Die rund 140 BUND-Delegierten in Bad Hersfeld kündigten an, gegen weitere Rückschritte beim Umwelt- und Klimaschutz aktiv vorzugehen. So werde es anlässlich des 25. Jahrestages der Tschernobyl-Katastrophe einen bundesweiten Aktionstag gegen die Atomenergie geben. Der Verband will die rückwärtsgewandte Atompolitik von Schwarz-Gelb auch zum Thema der Wahlkämpfe im kommenden Jahr machen. Zugleich soll der weitere Ausbau der Erneuerbaren Energien gestärkt werden. Bestrebungen, den Ausbau der Erneuerbaren durch die Aufweichung des Erneuerbare-Energien-Gesetzes (EEG) zu bremsen, werde der Verband entgegentreten.
Weiger: "Atomenergie und erneuerbare Energien passen nicht zusammen.
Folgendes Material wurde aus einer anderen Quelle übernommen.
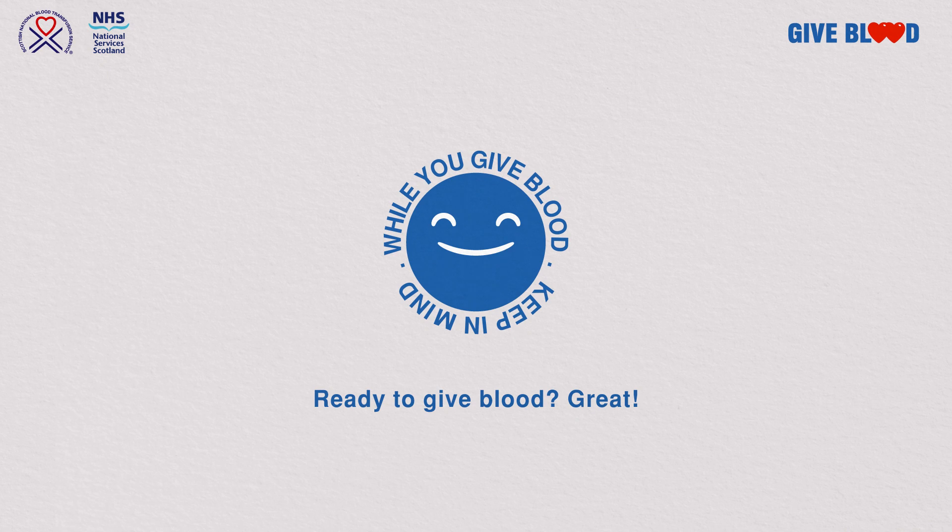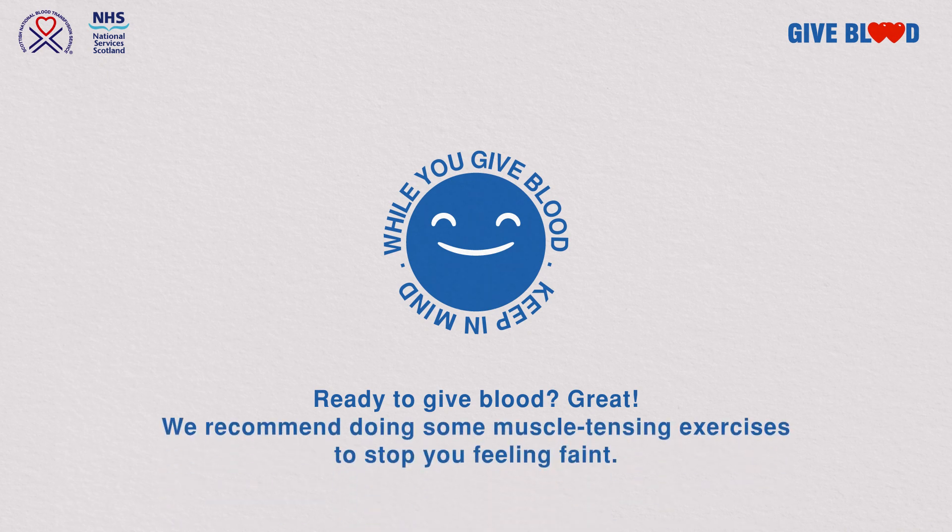Are you ready to give blood? We're here to help. We recommend doing some muscle tensing exercises to help maintain your blood pressure and stop you feeling faint. Please follow these easy steps before the needle goes in or comes out, before getting up or any time you feel unwell.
Mit den derzeit vorhandenen zentralistischen Strukturen und mit billigem Atomstrom wollen die großen Stromkonzerne viele Milliarden zusätzlich einstreichen. Das Erneuerbare-Energien-Gesetz, das die dezentrale Energieversorgung fördert, steht ihnen dabei im Weg. Trotz ihrer enormen Gewinne erhöhen die Konzerne die Strompreise und schieben den erneuerbaren Energien die Schuld zu. Der BUND wird es den vier großen Stromkonzernen nicht durchgehen lassen, wenn sie die regenerativen Energien blockieren."
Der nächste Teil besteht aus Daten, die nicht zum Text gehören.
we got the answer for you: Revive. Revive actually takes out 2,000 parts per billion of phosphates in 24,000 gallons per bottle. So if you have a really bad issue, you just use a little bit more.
Die Delegierten bestätigten den BUND-Vorsitzenden Hubert Weiger und die stellvertretenden Vorsitzenden Ulrike Mehl und Klaus Brunsmeier jeweils mit großen Mehrheiten in ihren Ämtern und beschlossen die verbandspolitischen Vorhaben für das kommende Jahr. In einer Resolution forderten sie außerdem die bundesweite Renaturierung wertvoller Moorflächen. Um die herausragende Bedeutung von Mooren für den Artenschutz und als Speicher für das Klimagas CO2 zu sichern, müsse ein nationales Moorschutzprogramm in Höhe von jährlich 50 Millionen Euro aufgelegt werden.
Der BUND hat 16 Landesverbände und ist mit über 480000 Mitgliedern, Förderern und Spendern die größte föderal strukturierte Natur- und Umweltschutzorganisation Deutschlands.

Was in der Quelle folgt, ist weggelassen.